Le regard tunisien se révèle ainsi être une tentative d’asseoir une représentation et une poétique spécifiques dans le vaste champ des littératures francophones. Cependant ces spécificités ne sauraient s’imposer sur la scène littéraire mondiale par leur dimension universelle. Le local n’est qu’une voie vers l’universel. Par exemple, l’amitié entre l’homme et l’animal est un thème écologique à la fois ancien et général, remis aujourd’hui à la mode en raison des méfaits que l’Homme est en train de faire subir à la Nature.

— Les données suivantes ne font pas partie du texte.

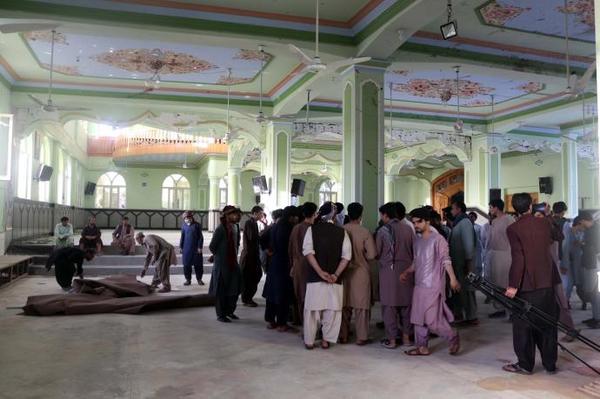 Suben a 60 los muertos del atentado contra una mezquita chií en Afganistán - El Independiente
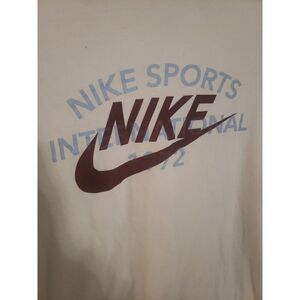 Nike tshirt size large t shirt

Enfin, nous ne pouvons clore cette présentation sans rendre hommage au film de Raja Amari, Ghofrane ou les promesses du printemps qui a inauguré, en quelque sorte, les débats : non seulement ce long-métrage documentaire a eu une fonction apéritive quant à la question du regard, montrant de l’intérieur les limites du processus de démocratisation initié par ladite Révolution, mais il pose aussi un regard lucide sur l’émancipation de la femme en Tunisie, stigmatisant toutes les menaces qui pèsent désormais sur les acquis féminins suite au retour des forces traditionnalistes et/ou religieuses. Il s’agit d’une femme d’un quartier populaire, noire de surcroît, qui s’engage dans une campagne électorale en faveur d’un parti libéral moderniste. La réalisatrice insiste sur la grande personnalité, la force de caractère de cette femme, représentative de la femme tunisienne, militante acharnée et activiste inlassable en faveur de ses droits. En même temps, elle fustige les préjugés sexistes et racistes qui entravent ses combats pour l’émancipation. Finalement, son approche aboutit aux mêmes conclusions que les romans cités: sans une véritable révolution des esprits, une révolution politique est vouée à l’épuisement, voire à l’échec.
Ahmed Mahfoudh
[1]Festival des Etonnants Voyageurs, Saint Malo, du 3 au 6 juin 2022 ; La délégation tunisienne, forte de 1 3 membres, entre écrivains locaux, écrivains installés en France et journalistes-animateurs littéraires ( AhlemGhayaza, RaouiaKhedher et Hatem Bouriel), est encadrée par Madame SarraGhorbel, Attachée pour le livre et les médiathèques, à Institut français de Tunisie (IFT)
[2] L’article concerne le corpus suivant :
- EmnaBelhaj Yahia, En Pays assoiffé, Tunis, Déméter, 2022.
- Ahmed Mahfoudh, La Solitude des cités de béton, Tunis : Arabesques, 2020.
- YamenManaÏ, Bel abîme, Tunis, Elyzad, 2022.
- Samy Mokaddem, Il était deux fois Le Petit Prince, Tunis, Pop libris, 2022.
[3] . Sophie Bessis, Dedans dehors, Tunis Elyzad, 2011.
[4] . Sophie Bessis, Lettre à Hannah Arendt, Tunis, Elyzad, 2022.
[5]« …je suis d’ici et de Paris et, en un sens de Jérusalem que je n’ai jamais vu », soutient-il dans Le Pharaon.
[6] Ces quatre romans ont été présentés et commentés par le critique Kamel Ben Ouanès dans notre site littéraire : www.lettrestunisiennes.com
[7]Voir Pascal Buckner, La Mélancolie démocratique, Paris, Seuil, 1992.